そうして、アルバムリリースに伴うライヴツアー。
放課後ティータイムの、
『最初の10分はただ耳を塞いでいるだけでいっぱいいっぱい、20分すると帰りたくなる、でも30分経つと轟音に身をゆだねて踊りたくなる』
と評された轟音ライヴは、各所で話題となりました。
唯「あずにゃん、今日のライヴも最高だったよ! いいビックマフとワウのコントロールっぷりだったね!」
梓「ほ、本当ですか……!?」
唯「うん! わたしも最高に気持ち良かった~。

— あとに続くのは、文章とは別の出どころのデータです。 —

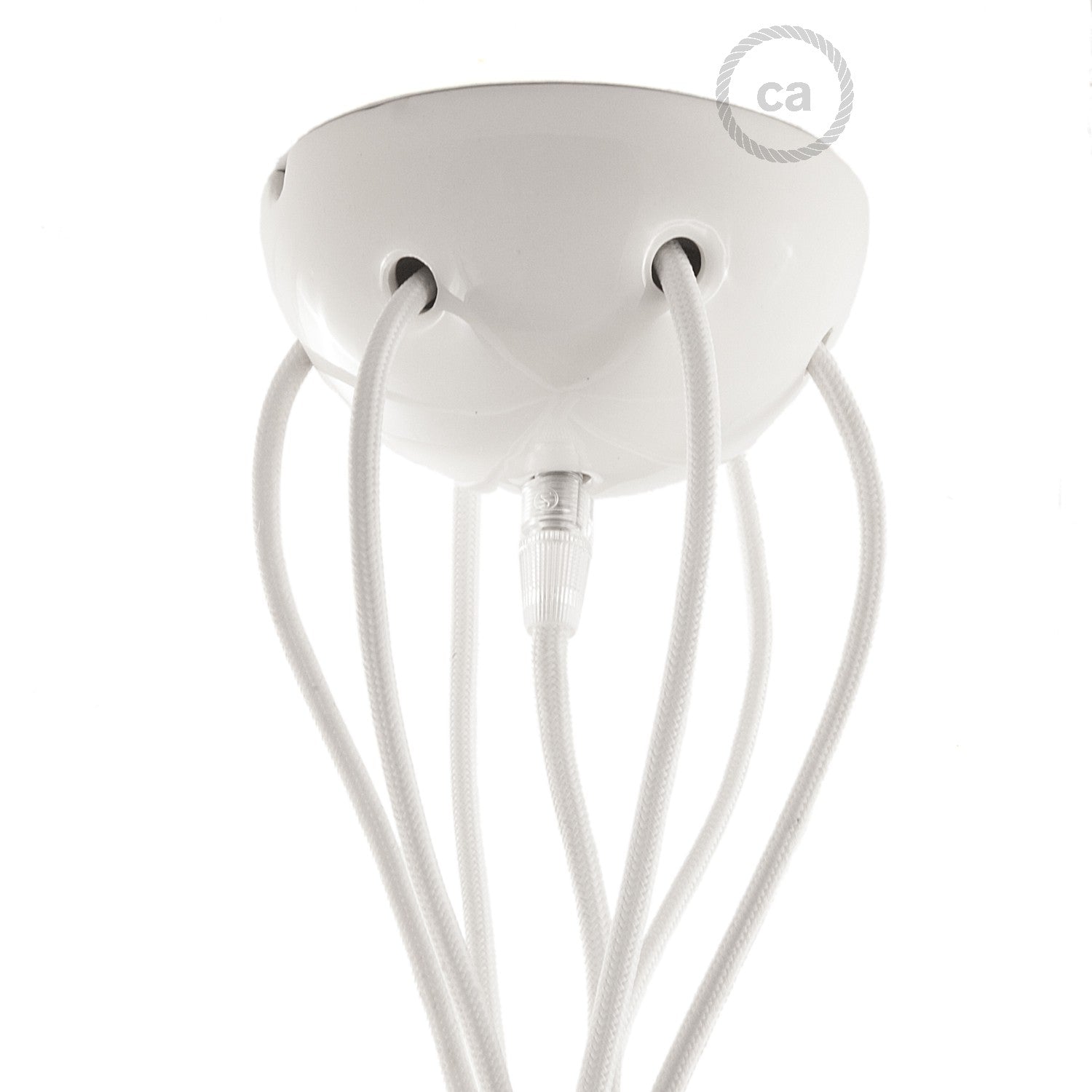 Candeeiro multi-pendente de 6 luzes Made in Italy completa com cabo de tecido e acabamentos em cerâmica colorida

これだから、あずにゃんのこと、大好き!」
梓「…………ありがとうございます(顔から火が出そう……)」
紬「あらあら♪ 微笑ましいわ~」
律「こっちまで熱くなってくるな~」
澪「それなら律……今夜は私と……いや、なんでもない」
まさに放課後ティータイムの活動は順風満帆でした。
そして、私にとってはあの、最愛の人、唯先輩に認められているという事実が、何よりもうれしかったのです。
でも、そんな幸せな日々は長くは続きませんでした。
年頃の女の子と言うものは、時には身体が疼いて仕方ない夜を過ごすものです。
梓「唯先輩……唯先輩……」
その日、奇しくも発情期であった私は、耐えきれなくなって同じベッドで寝ている唯先輩の肩をゆすりました。
(ちなみに唯先輩と私は1stアルバムの印税で、二人で住むためのマンションを借りました)
いつもなら、
唯『もうあずにゃんったら、仕方ないなぁ~。発情すると止まらないところも猫そっくり♪』
とか言って可愛がってくれるのが常なのですが……。
唯「んー……今日はダメ……」
帰ってきたのは眠そうな返事でした。
唯「今日……1日中……ミキシング……つかれた……」
結論から言ってしまいましょう。
この頃、唯先輩とのすれ違いが激しいのです。
きっかけは、間違いなく2ndアルバムのレコーディングが始まったことでした。
和「1stアルバムも好評だったし、次はもっと期待できるわ!
最近とみに増えてきているHTTのフォロワーのようなバンドとの違いをシーンに見せつけるためにも、次のアルバムが大事よ!」
そんな期待と共に、創造レコードからは多額のアルバム製作費がHTTにあてられました。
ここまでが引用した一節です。